Content starts

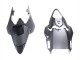 2008-2016 Yamaha YZF 600 R6 Motorcycle Fairings - Grey Black Carbon Fiber Style UK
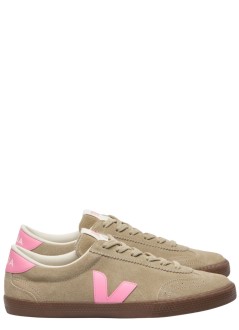 veja sneaker hombre volley - vo0321468 taupe malibu bark
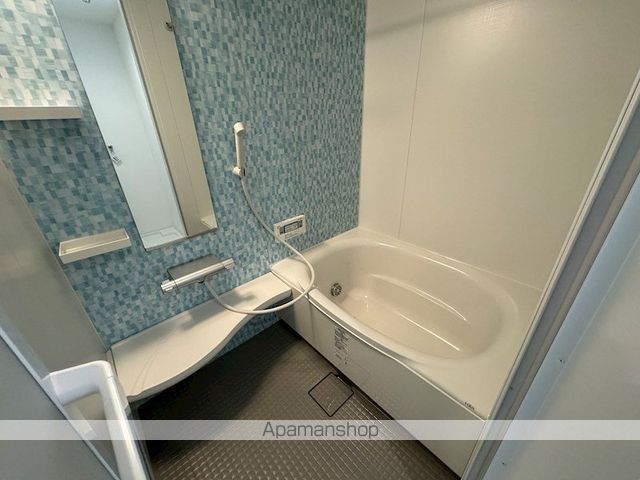 DiamondGreenの内装写真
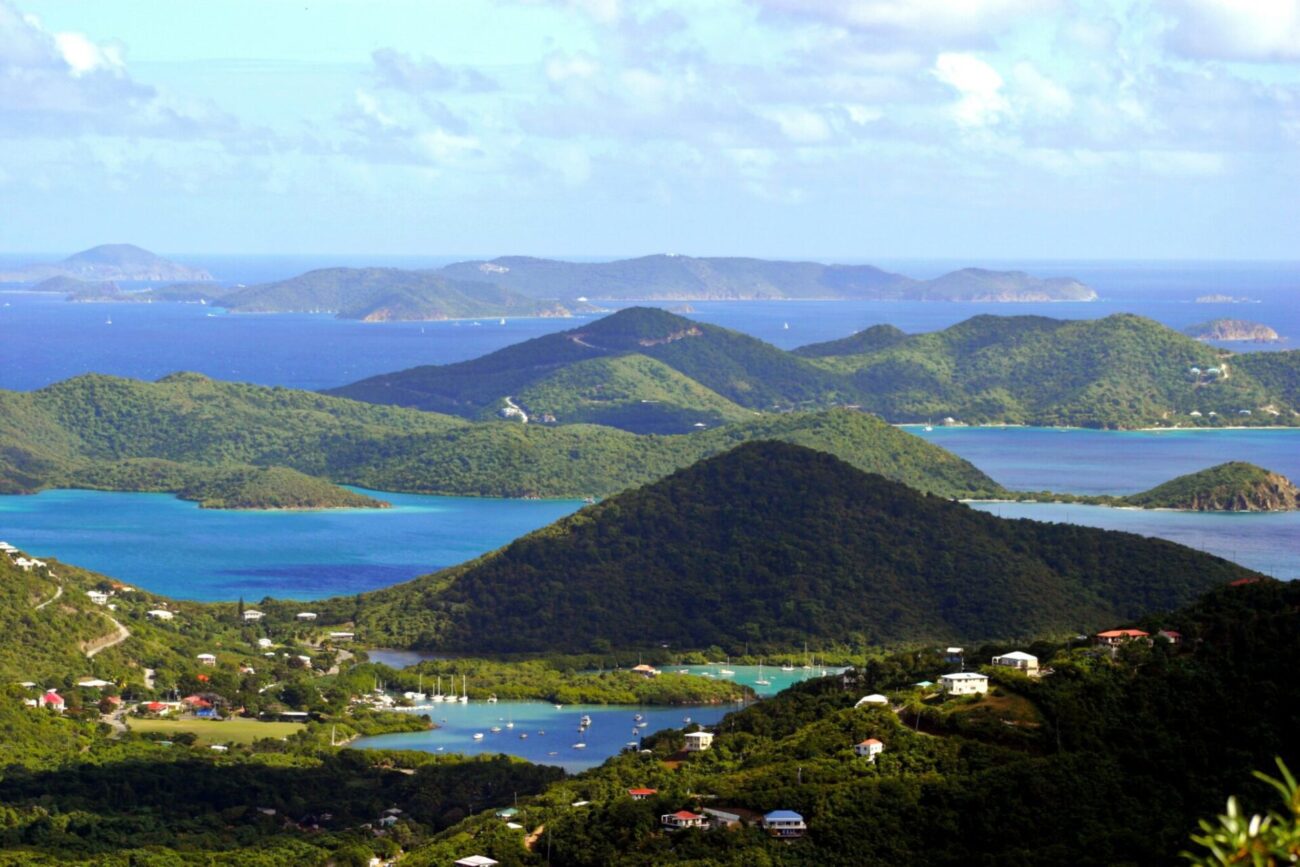 U.S. virgin islands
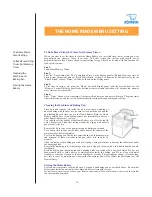 Предварительный просмотр 15 страницы Zojirushi BBCC - S15 Operating Instructions Manual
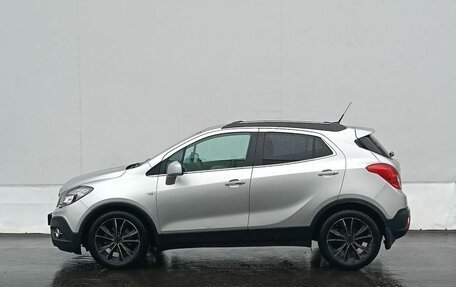 Opel Mokka I, 2014 год, 1 055 000 рублей, 8 фотография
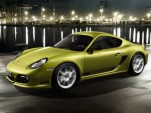 2012 Porsche Cayman R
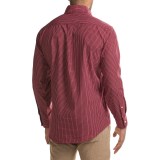 Bills Khakis Standard Issue Windowpane Shirt - Long Sleeve (For Men)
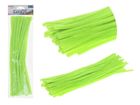 Brewis, druciki kreatywne, jaskrawy zielony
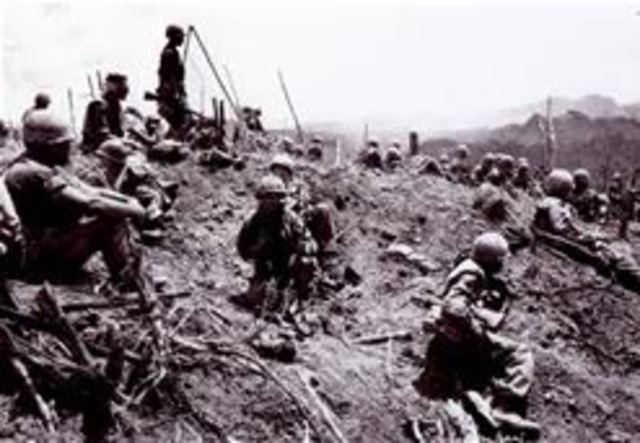 Battle of Hamburger Hill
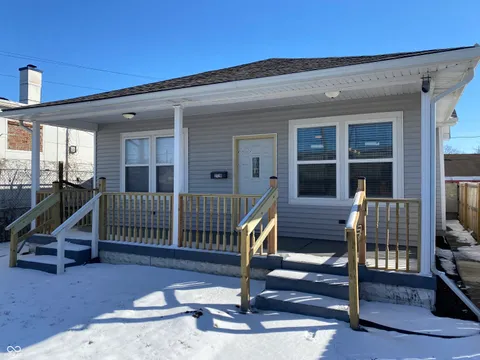 2729 Massachusetts Avenue, Indianapolis, IN 46218 - MLS#: 22000443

Content ends

• _Task brief_
An exact restatement of every record is required. Omit the images.

• _Written solution_
 2008-2016 Yamaha YZF 600 R6 Motorcycle Fairings - Grey Black Carbon Fiber Style UK
 veja sneaker hombre volley - vo0321468 taupe malibu bark
 DiamondGreenの内装写真
 U.S. virgin islands
 Предварительный просмотр 15 страницы Zojirushi BBCC - S15 Operating Instructions Manual
 Opel Mokka I, 2014 год, 1 055 000 рублей, 8 фотография
 2012 Porsche Cayman R
 Bills Khakis Standard Issue Windowpane Shirt - Long Sleeve (For Men)
 Brewis, druciki kreatywne, jaskrawy zielony
 Battle of Hamburger Hill
 2729 Massachusetts Avenue, Indianapolis, IN 46218 - MLS#: 22000443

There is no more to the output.